Thanks for the info showcrop.

Parts came out pretty clean. Little bit of flash rust and lots of pits and imperfections in the cast iron. Going to coat them with some body filler most likely and sand that out. Getting a coat of epoxy primer first though and coating the inside with the glycol. Will probably use some high build primer as well on the outside. She will be slick when finished.
Hope you still use it (y)

But it sounds like it might be on the way to trailer queen status :(;);)
 
JJay48
Curious as to how you intend to paint the main body of the tractor. Are you finishing and painting before assembly or after? Also, are you sand blasting the castings and if you are do the gasket surfaces need to be protected? I have never done such an in depth rebuild but I have located my Dad's old 4000 and if I get my hands on that tractor I will be headed in the direction you are going.
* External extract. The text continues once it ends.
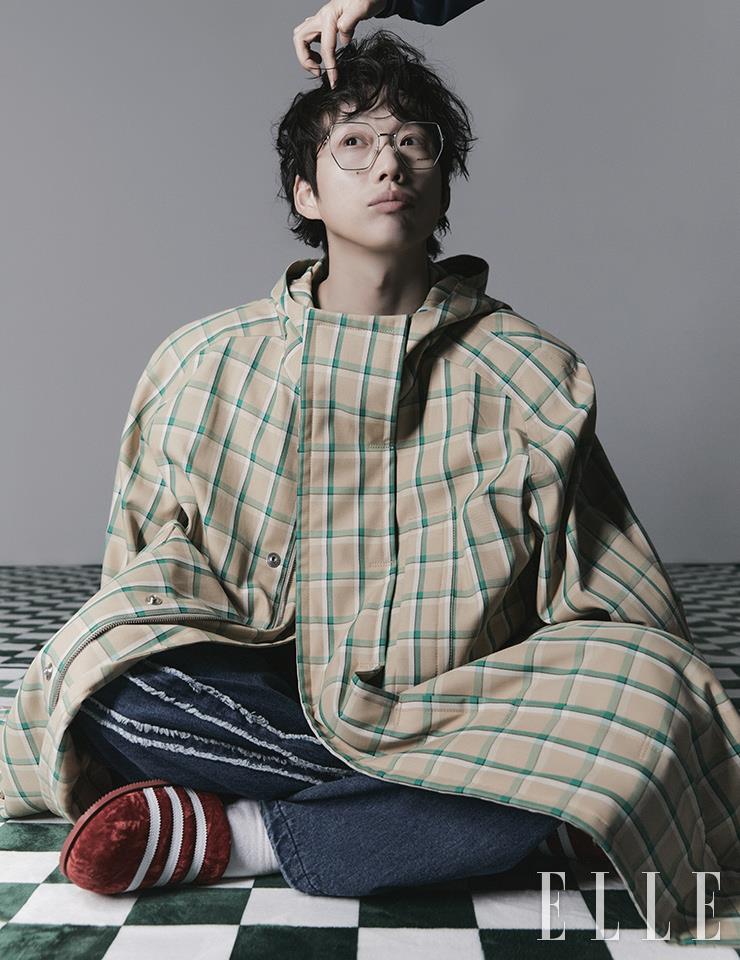 코트는 Songzio. 데님 팬츠는 RSC. 슬라이드는 Adidas. 안경은 Miu Miu.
Soaking up as much as I can from your thread!
I am going to prime and do some of the body work to get them smooth before assembly. Still deciding on when I want to paint the red but the plan at this point is to assemble the main structure minus the engine and the hydraulics when painting the red. I dont want too much assembled because it would be a pain to get the paint even and in all the little hard to reach areas. I know some guys paint them with it all together and thats fine but not the way I want to do it. The only thing is if you paint them apart is do you keep your bolts bare and have them cadmium plated or try to touch them up once everything is together. I had seen a tractor with all cadmium painted bolts and it looked pretty good.

The main castings you see in the previous photos I took to a metal cleaning shop to have them chemically stripped. They use an alkaline based solution. Sand blasting is a good option as well and if I was doing that I would mask the gasket surfaces and try to avoid them. The gasket would probably be hard to remove from a blasted surface in the future.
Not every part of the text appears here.